The state and family in Singapore

In the year 2000, Lyn Na really married. Three years after she and her partner formalized their relationship at the Registry of Marriages (ROM), and four years after they applied to buy a flat from the Housing and Development Board (HDB), they held a “customary” wedding, renovated their new flat, and moved into their new home. In the years between what she refers to as their “ROM” and “customary,” Lyn Na lived with her husband—in separate bedrooms—in her widowed mother-in-law's flat.
She explains that their decision to apply for a flat in 1996 was prompted by several factors: she and her boyfriend had been dating for close to two years; they had heard from friends that the queue for these highly subsidized public flats was getting to be very long; she had already been working for a few years since she left school after her “O” levels (high school) and so had some money in her Central Provident Fund (CPF) account, and people around her were telling her the time was ripe to make plans toward securing a place to live. She cheerfully declared to me that, at the time of flat application, she and her boyfriend did not really talk about marriage, even though they were taking steps that implied it.
Soon after they put in their flat application, the deposit required for co-applicants who applied under the FiancĂ©-FiancĂ©e Scheme went from S$200 (US$150) to S$5,000 (US$3,800).1 That year, given three months to decide if they wanted to legalize their relationship or pay the extra money, she recalls thinking that 21 was probably too young to be “really” married but “okay” for ROM. She had little doubt that she and her partner would stay together, but felt that their finances were not in good enough shape to be fully married.
Three years later, anticipating that their flat would be ready, the couple held a customary wedding, collected their keys, did some renovations on their new flat, picked an auspicious day, and moved in. When I spoke to Lyn Na in 2004, she recounted this process and also told me that she and her husband still live very close to her mother-in-law and have dinner with her every day. They had recently started to think about having kids—two or three but definitely not four since the Baby Bonus2 (at the time of our conversation) was not granted to the fourth child. She felt that living together with her mother-in-law was difficult but that living close by was “more convenient,” especially when they have kids and require childcare help.
Lyn Na's story has its idiosyncrasies, but it also captures a pattern that Singaporeans alternately complain about and embrace. At a recent wedding I attended, the groom joked that he proposed by suggesting to his bride: “let's go apply for a flat.” In the two years that I did my fieldwork and the subsequent years when I continued to live in Singapore, I could scarcely escape this “joke” whenever I described my project to people.

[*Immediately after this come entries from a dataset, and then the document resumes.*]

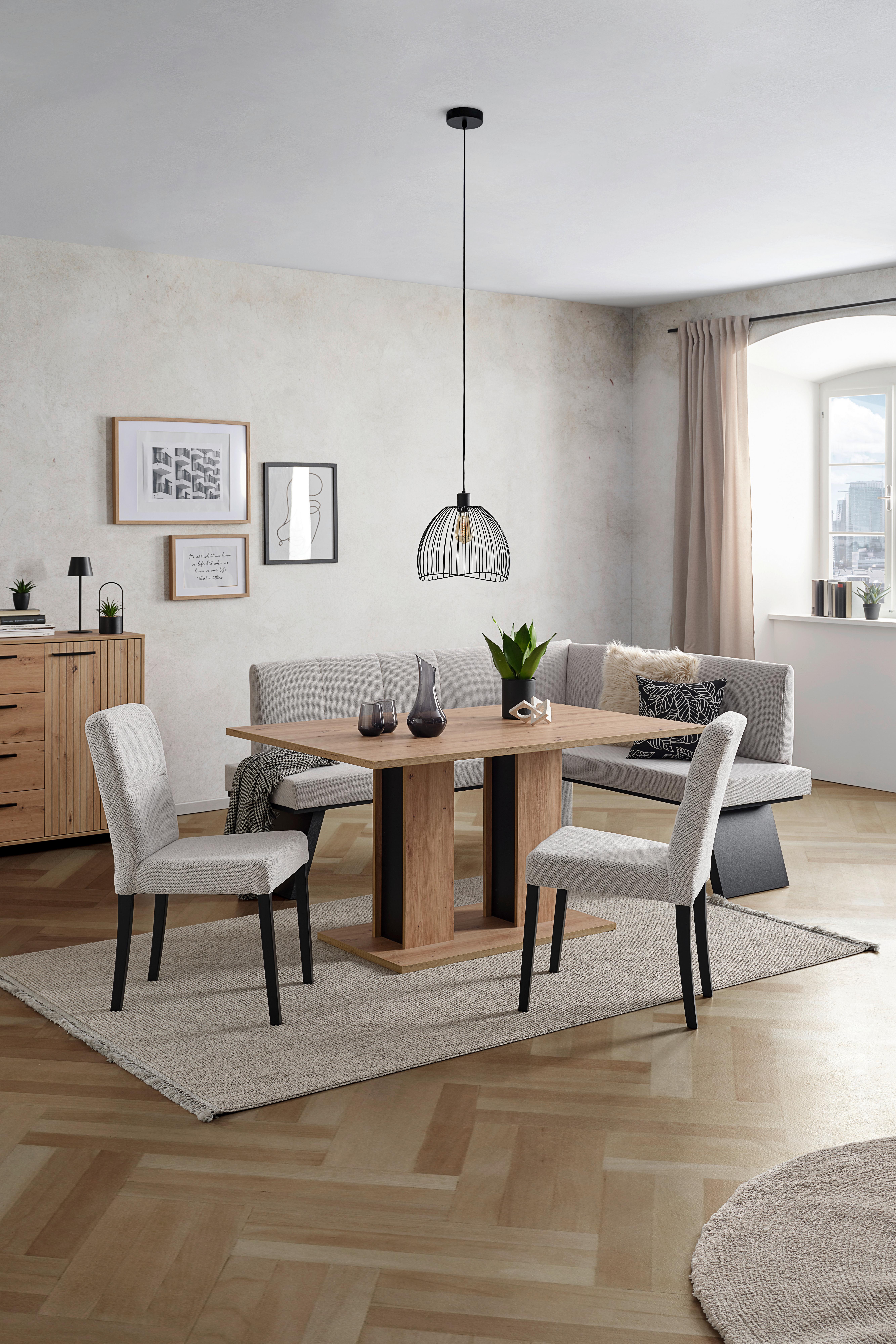 Eckbank Grau Emma II 185x150 cm - Schwarz/Grau, KONVENTIONELL, Holzwerkstoff/Textil (185/150cm)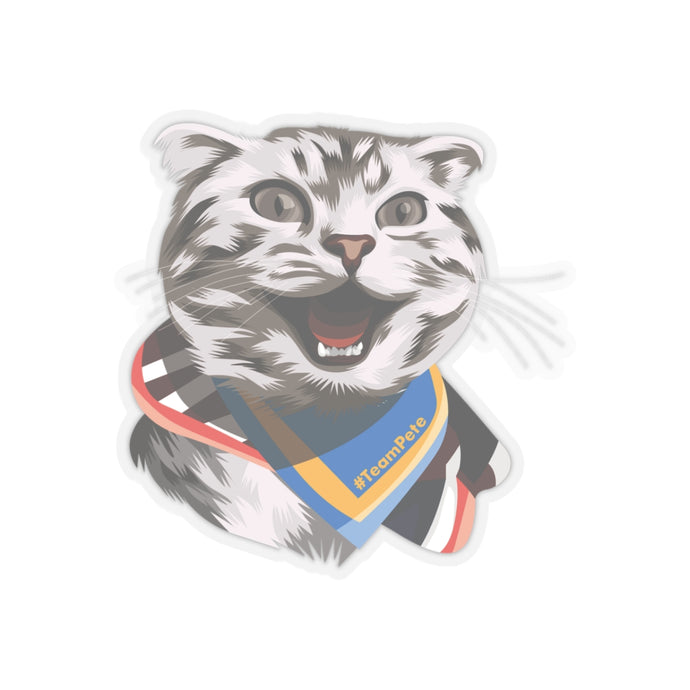 Happy Excited Cat - #TeamPete - Kiss-Cut Stickers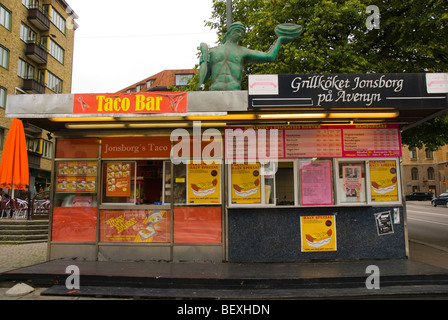 Kiosk selling snacks along Avenyn in Gothenburg Sweden Europe Stock Photo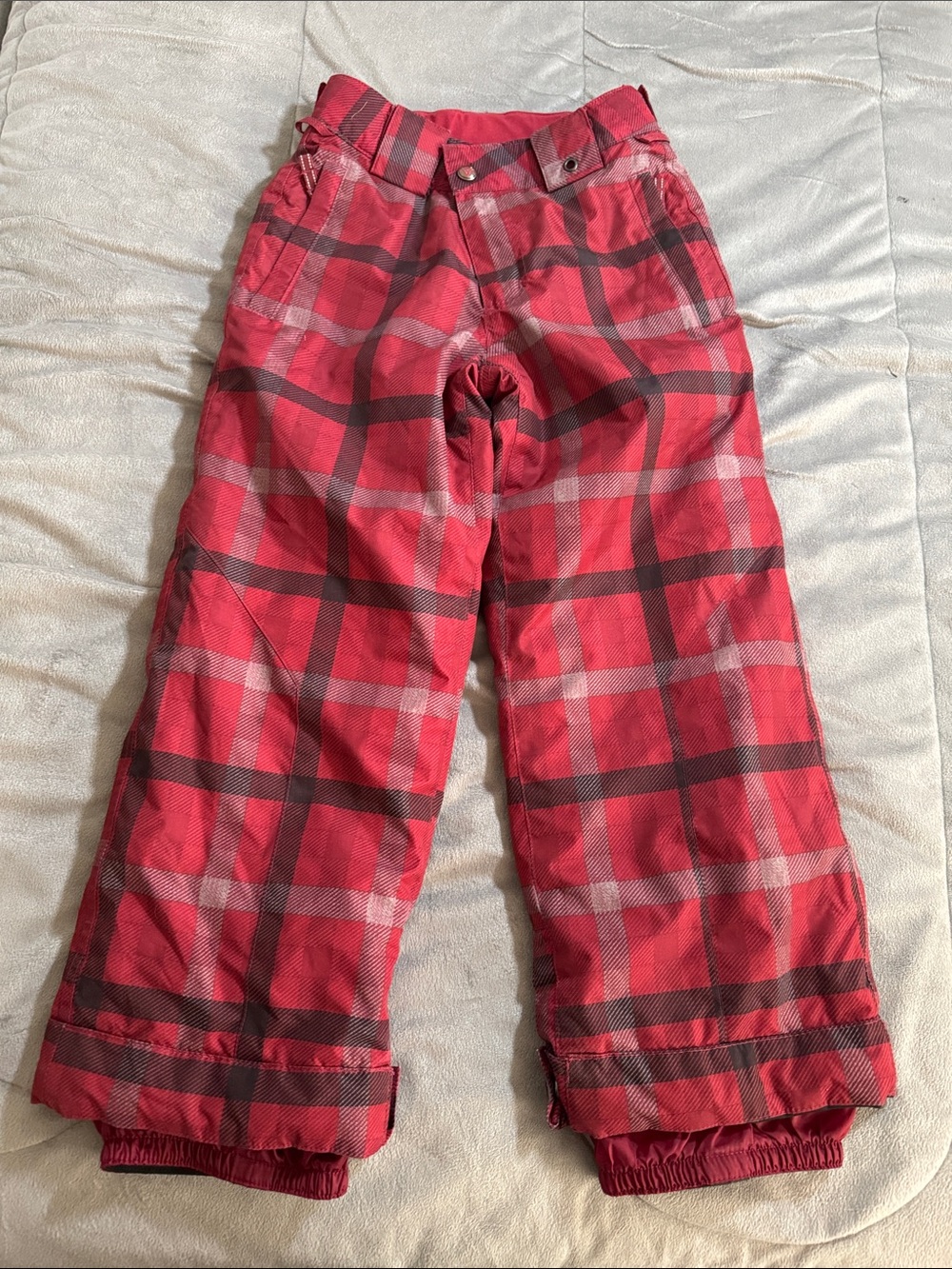 Burton Red Black Plaid Kids waterproof winter snowboarding ski pants Bottoms S
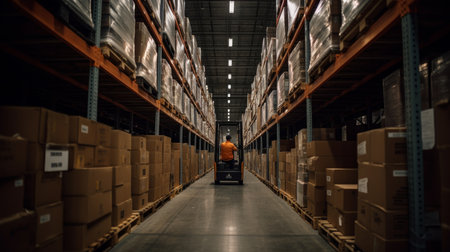 A warehouse worker driving a forklift through narrow. AI generated illustrationの素材
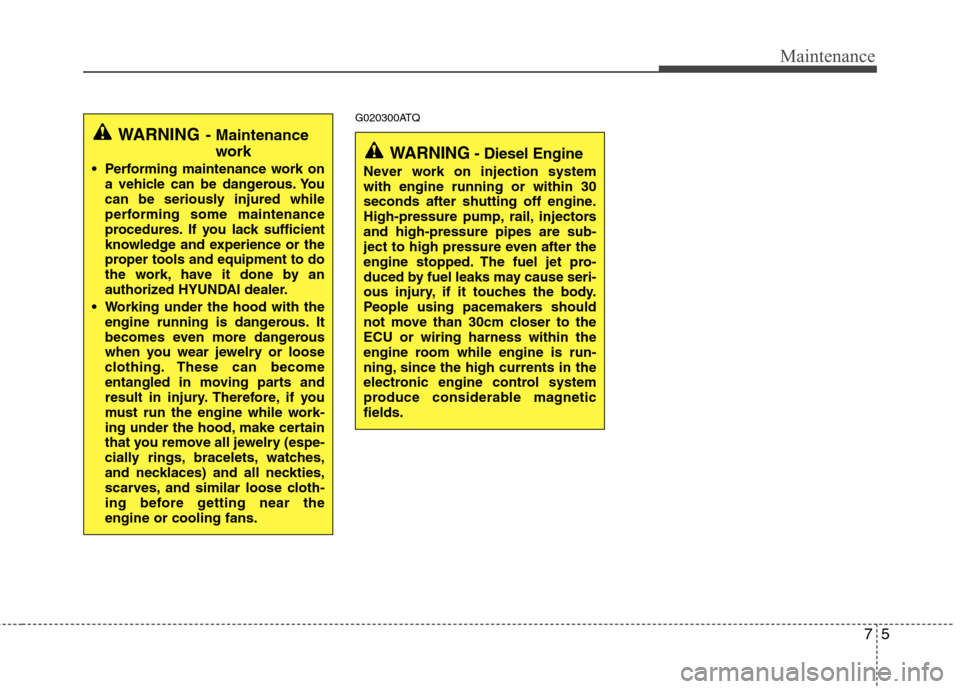 Hyundai H-1 (Grand Starex) 2011  Owners Manual - RHD (UK, Australia) 75
Maintenance
G020300ATQ
WARNING- Maintenance
work
 Performing maintenance work on a vehicle can be dangerous. You 
can be seriously injured while
performing some maintenance
procedures. If you lack 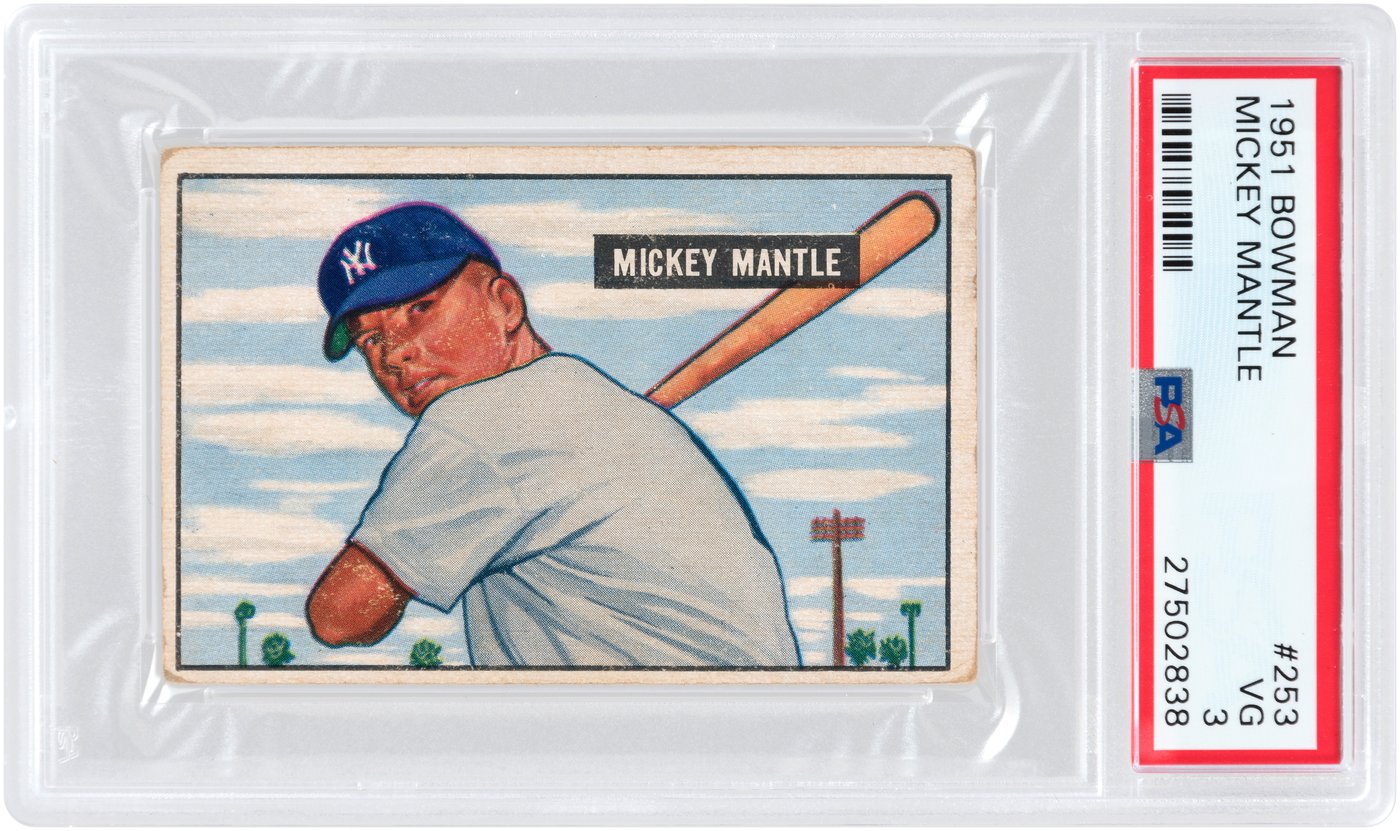 Hake S 1951 BOWMAN 253 MICKEY MANTLE ROOKIE CARD PSA VG 3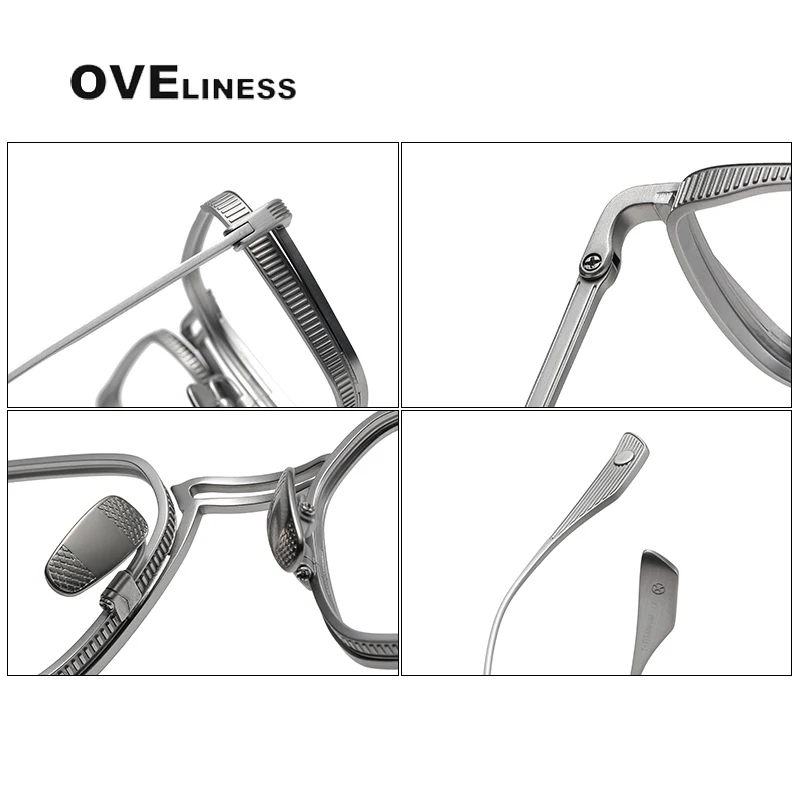 Top Trends: Fashion Pure Titanium Glasses Frame Men Women Optical Male Eyeglasses Frames Myopia Prescription Eye Glasses Full Metal Eyewear Shoppable Styles - Image 4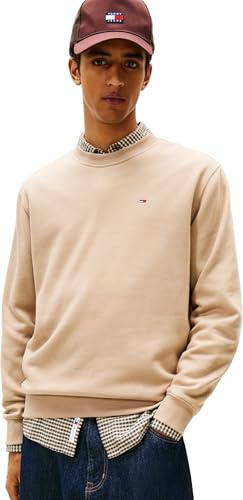 Tommy Jeans Herren Sweatshirt Regular Fit Flag Fleece Rundhalsausschnitt, Beige (Coastal Taupe), 4XL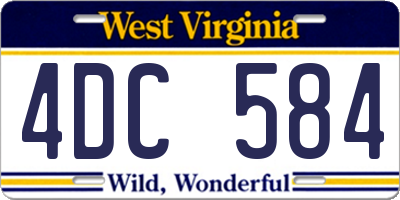 WV license plate 4DC584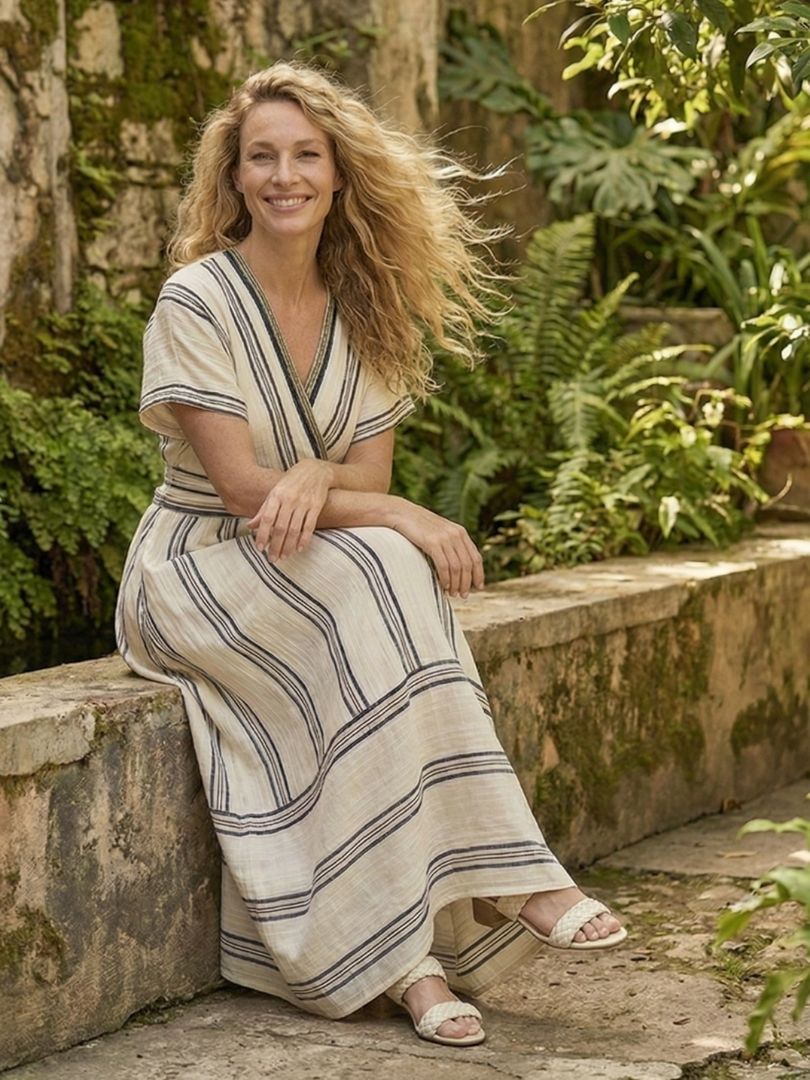 Thalassa | Robe Midi Cache-CœUr à Col en V ET Manches Courtes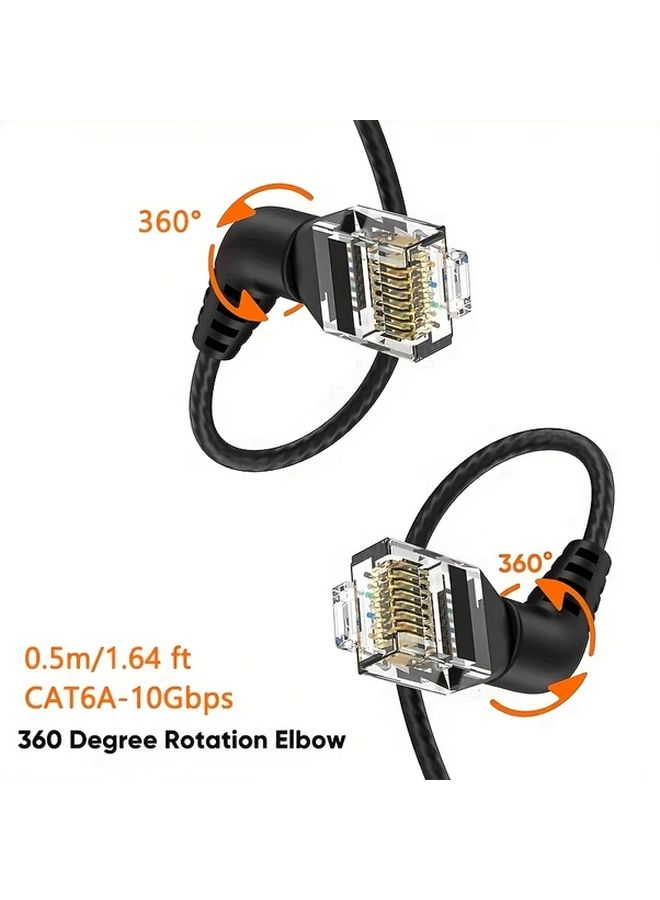CAT6A Ethernet Cable UTP Rotatable Booted 10Gbps 500MHz 0.5m - Image 3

This sort of narrative informs one dominant understanding of the Singapore case: that the state is heavily involved in “social engineering.”3 Indeed, people I interviewed for this project often lamented that the state plays too big a role in Singaporeans’ lives and that it tries too hard to “control everything.” This interpretation of the Singapore state also implies the relative lack of autonomy for Singaporeans.
This claim is not entirely inaccurate but it is incomplete. It is the sort of interpretation that discourages deeper analyses of state-society relations insofar as it presumes that there is an immensely powerful state controlling its correspondingly powerless citizens. The idea of “relations”—implying as it does interactions, negotiations, and political processes—becomes almost irrelevant. If, after all, the state is an overpowering social engineer, what is there to negotiate?
This book starts from a slightly different place. It begins with highlighting the significant contradictions and incoherencies embedded in the state's approach toward the familial. I draw attention to the fact that rather than being a successful social engineer, the state has largely failed to achieve its ostensible goals of reversing demographic trends toward later marriage and lower fertility. That its policies continue to seem highly influential despite this is interesting and worth further scrutiny. Suspending the presumption that the case represents straight-forward social engineering forces a closer examination of how the policies actually work through their targeted citizens, and thereby a reconceptualization of the full range of their effects.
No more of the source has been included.